Rahang Jack telah mengeras, tatapannya juga penuh kobar api.
“Jangan gegabah, kita adukan masalah ini sebagai laporan. Ini bukan arena baku hantam, tenangkan dirimu. Jika kau menyerangnya saat ini, kau yang akan rugi.” Leonard adalah pria berusia tigapuluh tahun, ia sudah diberi tanggung jawab menjadi kepala crew.
Leonard memiliki pengendalian diri yang cukup baik, ia penyabar dan mudah mencari solusi yang tepat.
“Jack, dengarkan aku. Sekali lagi, tahan emosimu.” Leonard berujar dengan nada tegas, tapi ada kepedulian didalamnya.
Akhirnya Jack pun luluh, apa yang dikatakan Leonard ada benarnya. Jika sampai Jack memukul Martin saat ini, yang ada dirinya terkena sanksi dari panitia.
“Ambil napas dalam-dalam, lalu buang.” Luke, Data Engineer dari pabrikan RoStar memberikan intruksi pada pembalapnya.
Jack melakukannya dengan baik, alhasil ia pun bisa mengendalikan emosinya.
"Aku mengerti." Balas Jack dengan nada datarnya, ia melirik pada Martin dengan tangan yang mengepal.
Suatu hari nanti Jack akan membalasnya, bukan hari ini.

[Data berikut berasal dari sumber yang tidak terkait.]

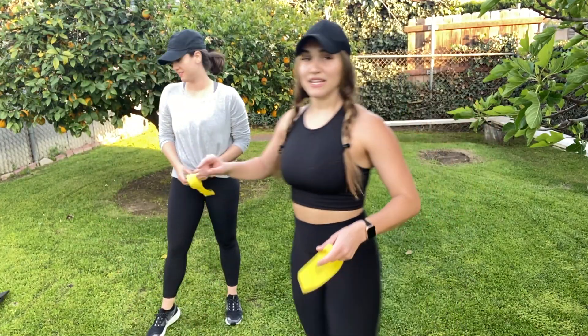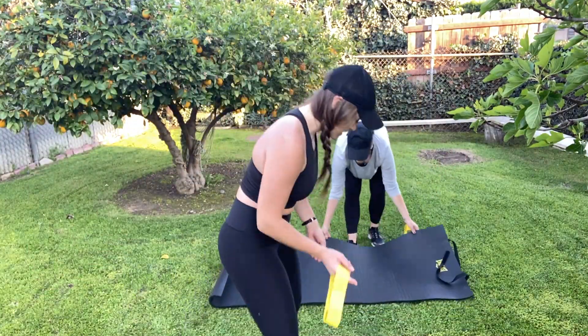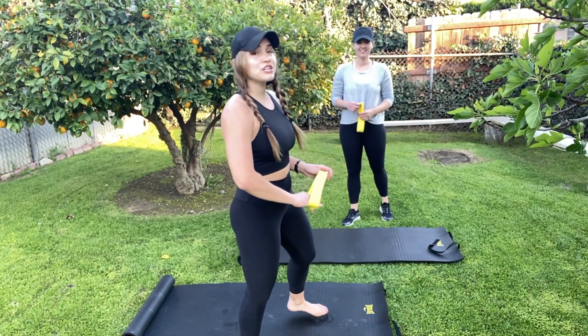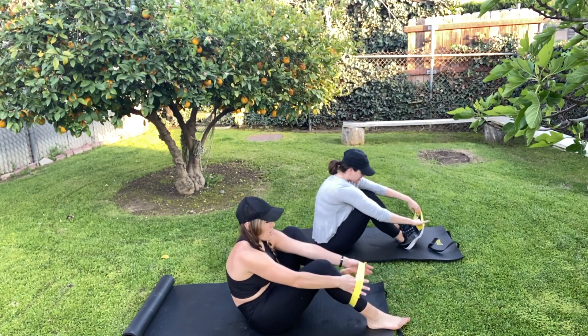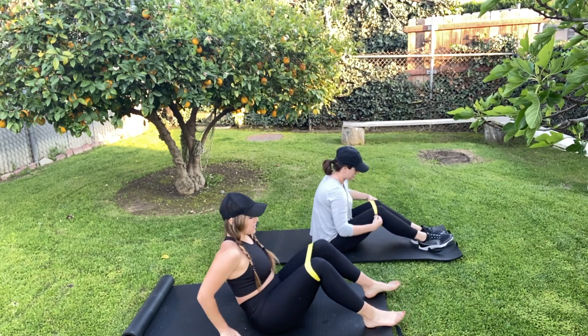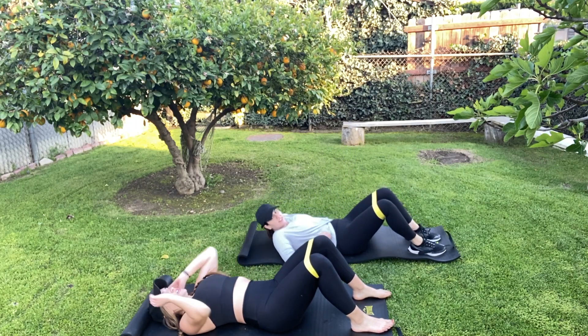Now we're going to transition to the mats, still keeping the bands. So you're going to come and lie back down, feet flat on the ground. We're going to do a glute bridge.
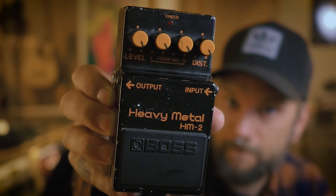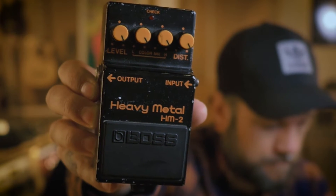Anyway, today we're going to talk about enhancing your distorted guitar sound with something that most people know as a really extreme form of distortion, which is the Boss Heavy Metal HM-2 pedal.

Sementara itu Martin melihat adegan itu dengan tawa membahana, ia senang melihat Jack menderita kekalahan serta dikuasai oleh amarah. Rencananya dengan Terres serta timnya berhasil, ia bisa meyundangi seorang Jack Roshel.
Tak jauh dari sana Nika memperhatikan adegan itu dengan seksama, selintas ia bisa melihat bahwa Jack sepertinya amat marah dan ingin berlari menyerang Martin. Ia yang tak paham dengan bagaimana aturan MotoRace pun tidak mengerti jika ada kecurangan di sana, hingga membuat Jack amat kesal.
Nika hanya mengambil momen-momen yang krusial, yakni saat Jack melakukan aksi gilanya di tikungan tadi.
Setelah ini akan ada tahap penyerahan trofi, di sinilah Nika nantinya akan lebih dekat dengan Jack Roshel dan pembalap lainnya untuk mendapatkan potret mereka.